# Where does quantum gravity starts ?

#### notknowing

Usually one thinks of quantum gravity effects becoming important at the scale of the Planck length. I have however some strong doubts about this because of the following.

In relativity, one uses "sticks" and clocks to be able to define events in spacetime. Consider for instance a light clock. Usually one uses light clocks in thought experiments but a thought experiment has only some validity as long as the experiment under consideration is feasible to be carried out. To build a light clock, you need two mirrors. These two mirrors must be made of solid material (preferentially metallic), so that each mirror is at least a few atoms thick. So, a real light clock would have a size of a least a few atom radii (and here I leave out already the difficult task of synchronising such a clock), which is much larger than the Planck length. Further, some other peculiar aspects come in: if you would make the spacing between the two mirrors very small, you effectively create a situation where the Casimir force sets in. In addition, the speed of light would no longer be c inbetween the plates (I have seen once a calculation of this effect). Such a clock would be thus essentially different from a macroscopic clock.

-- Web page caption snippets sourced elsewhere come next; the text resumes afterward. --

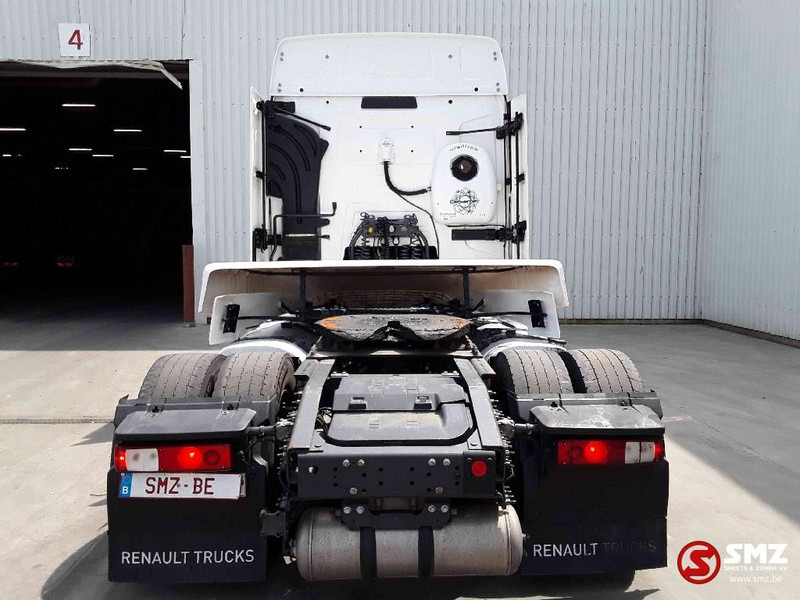 Tracteur routier Renault T 460 intarder 2x: photos 12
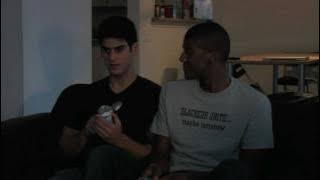 UCI 2010 24-Hour Mad Film Dash - SLICK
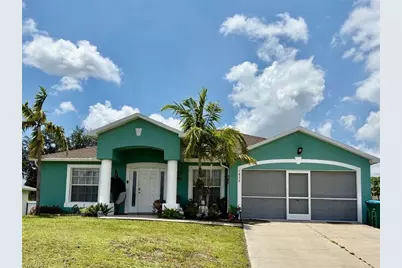 1826 NE 17th Ave, Cape Coral, FL 33909 - Photo 1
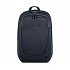 Plecak na laptopa 17", HP Travel Plus, czarna z poliestru, HP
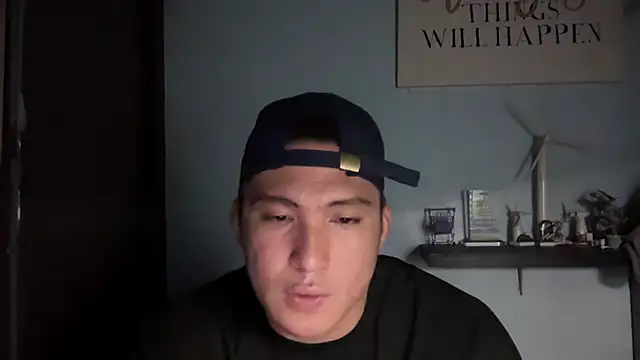 lovely jay online show from 01/11/26, 02:02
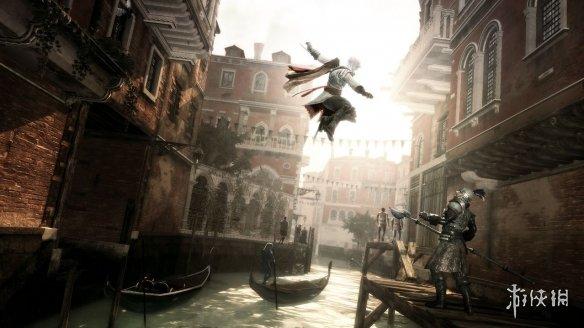ps4双人游戏，ps4适合双人的游戏推荐（艾吉奥合集/黑旗等5款加入PSPlus会员游戏库）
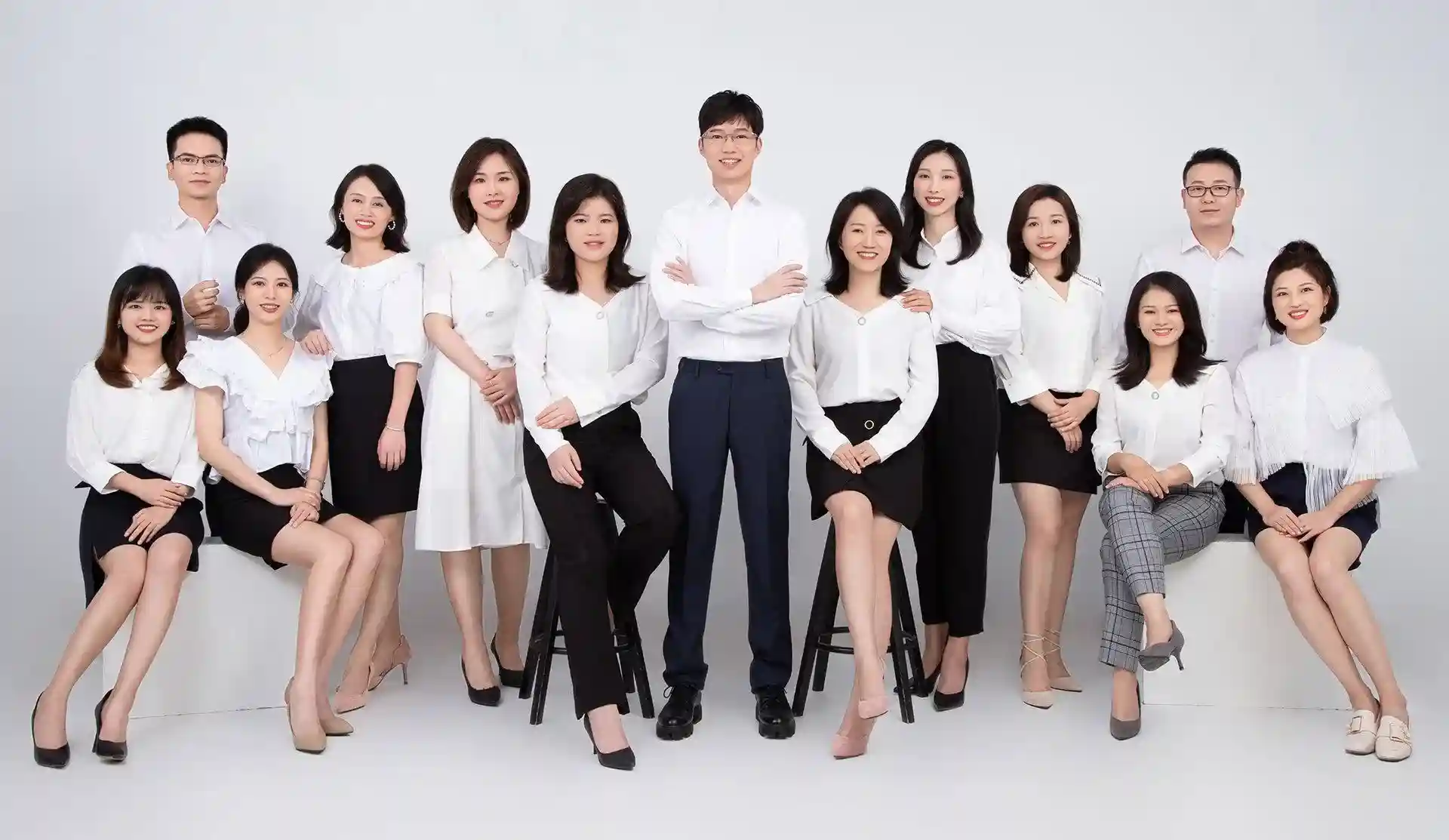 Artfullife® teamfoto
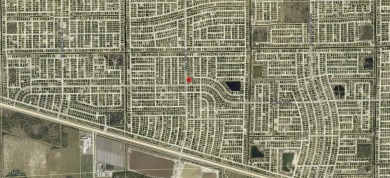 Excellent opportunity with an oversized lot in an area with new on Mirror Lakes Golf Club in Florida - for sale on GolfHomes.com, golf home, golf lot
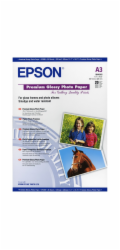 Epson C13S041315 EPSON A3,Premium Glossy Photo Paper (20listů)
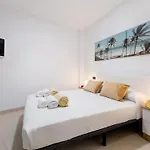 Daire Edificio Korner Adeje *
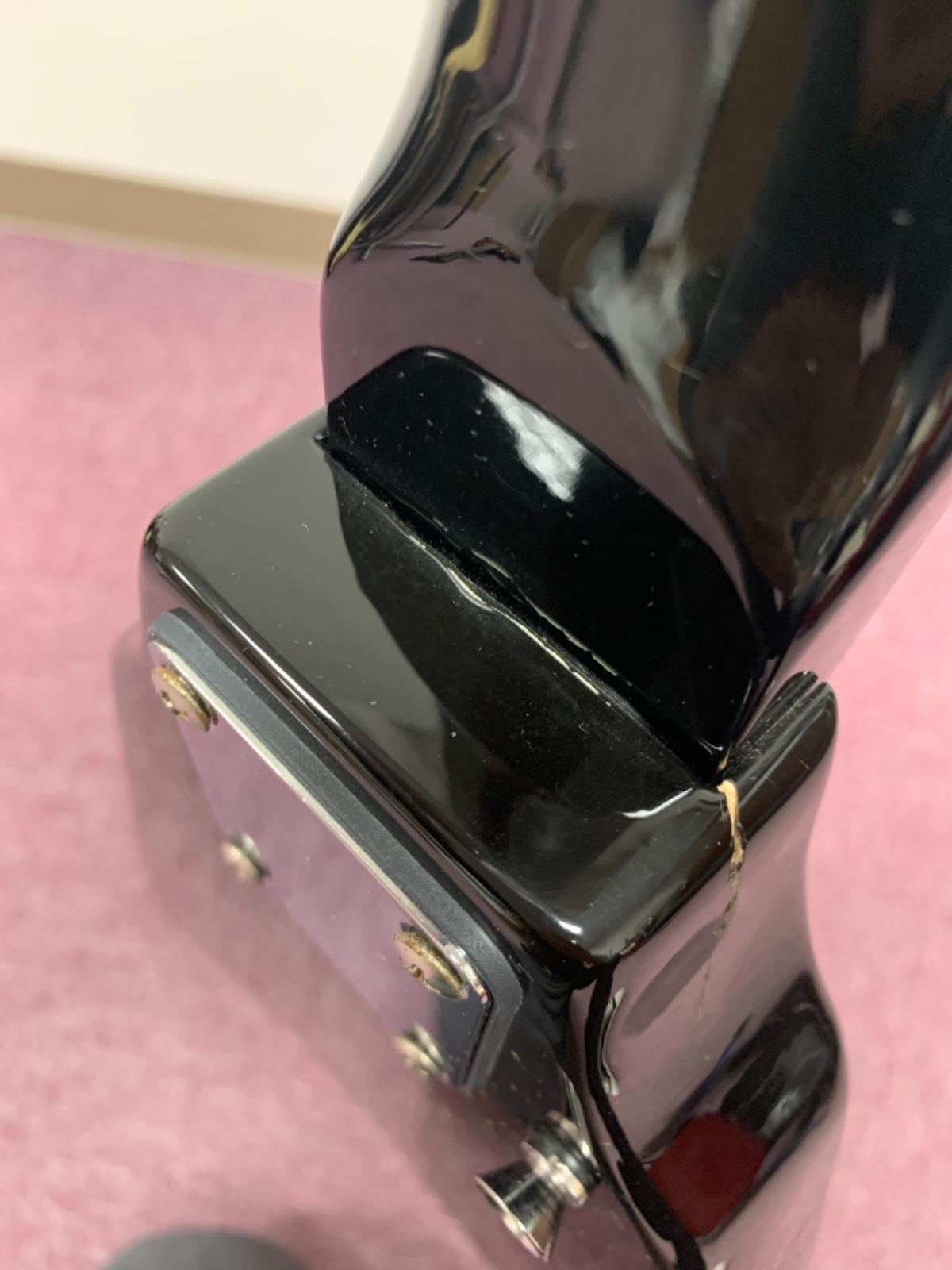 PLAYTECH (プレイテック) / FV430 エレキギター A0459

Usually, one also neglects the time it takes for light to reflect on the surface of the mirror. For spaces which are separated far apart, this is a very good approximation but as the separation is decreased, this is no longer true. Reflection is due to the fact that the electric field associated with the electromagnetic wave sets the (outer) orbital electrons into oscillation, which in turns results in the re-emission of waves. Setting an electron into an oscillatory motion requires time because of the inertia of the electron.

So, if one thinks of how to set up spacetime coordinates, such that the points become very closely spaced, things become rather messy (even at atomic distances) and all the concepts of GR (clocks, synchronisation, etc.) seem to fall apart.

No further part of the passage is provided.